5. As the Spanish law enforcement officials began to
identify, arrest and pursue suspects, we worked with
other agencies in the embassy to obtain specific
identifying information so we could run name checks
through the CCD and check our own issuance records
We were disturbed to note that none of the names we
ran resulted in hits based on prior Visas Viper
Submissions. We learned that one person had been
issued a visa (not one of the principal
suspects), and we pulled up the application and
provided it to the VO duty officer, the RSO, DS duty
officer, Legat and others requesting with a need to
know. We reviewed our issuance practices, management
review of cases, and provided a context to those
requesting the applications so they could better
understand how we adjudicate cases and make our
decisions.

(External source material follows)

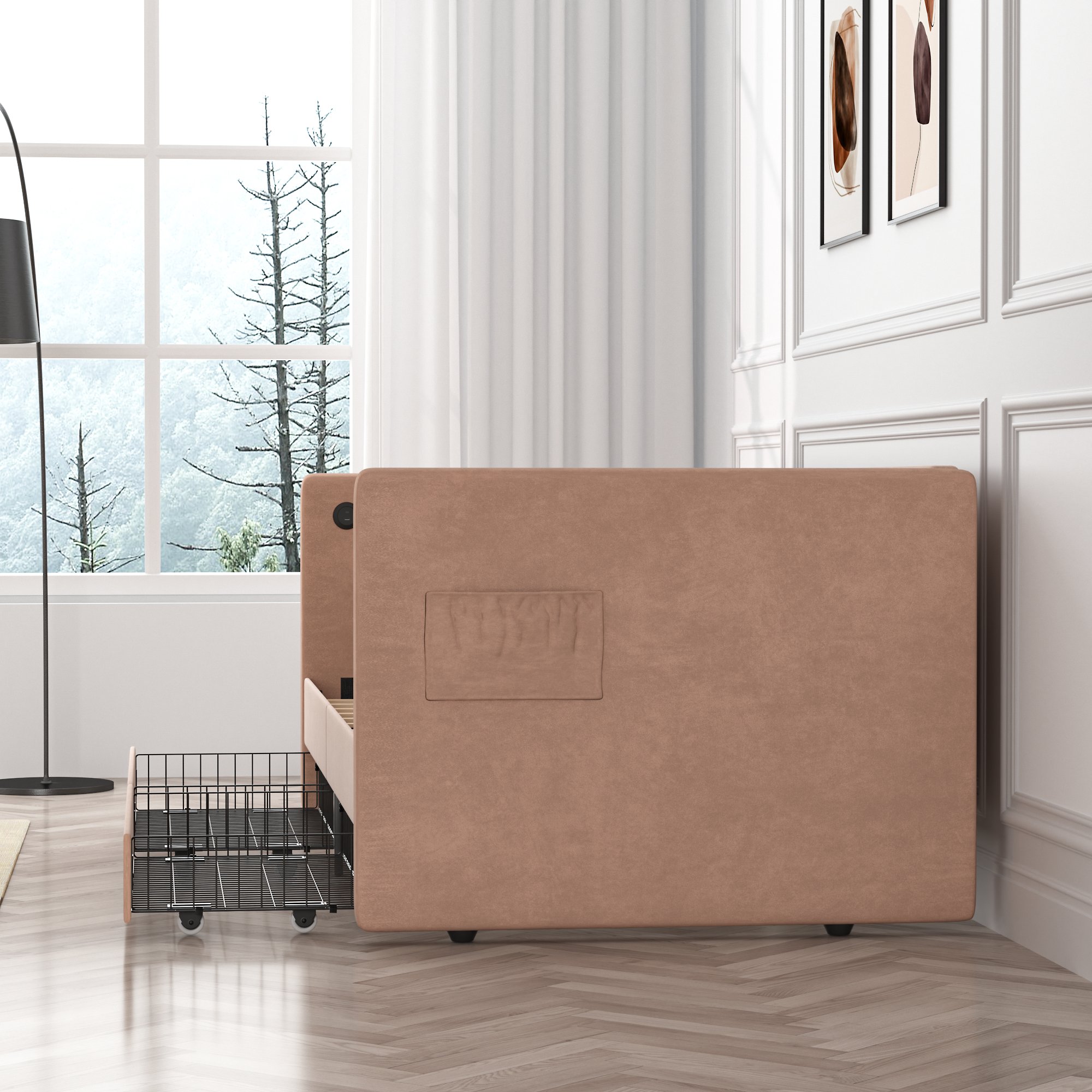 VECELO Twin Daybed with Storage Drawers, Upholstered Day Bed with Button Tufted headboard and Wood Slat Support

For example, the issuance was to a non
Spanish citizen, but in the six weeks preceding the
bomb attacks, we had adjudicated applications from 90
different nationalities. This information was
essential for non-consular/visa officials to
understand why we might have
issued this individual.

Organizing Ourselves

6. One of the basic lessons learned for us, was
reviewing how we organized ourselves to accomplish our

- Regular meetings: We gathered regularly
with different groups, large and small. The
meetings were short and specific goals were
important. However, coming together as a
group helped us keep a feeling of teamwork as
we went about our individual tasks.

- Clear specific tasking: Each person needed
to be clear on his/her role. This enabled us
to concentrate, bring specifics to the
meetings, and not get distracted with
peripheral things.

- Created roster for after-hours work,
confirmed home and cell phone numbers. The
people who could stay, did, those with family
commitments could leave. We knew who could be
called in for back up, those needing rest
could get it.

- Email collectives - This was very important
for efficient communications especially when
you want to get information distributed but
phone lines are disrupted. Very efficient for
getting clear information in brief format.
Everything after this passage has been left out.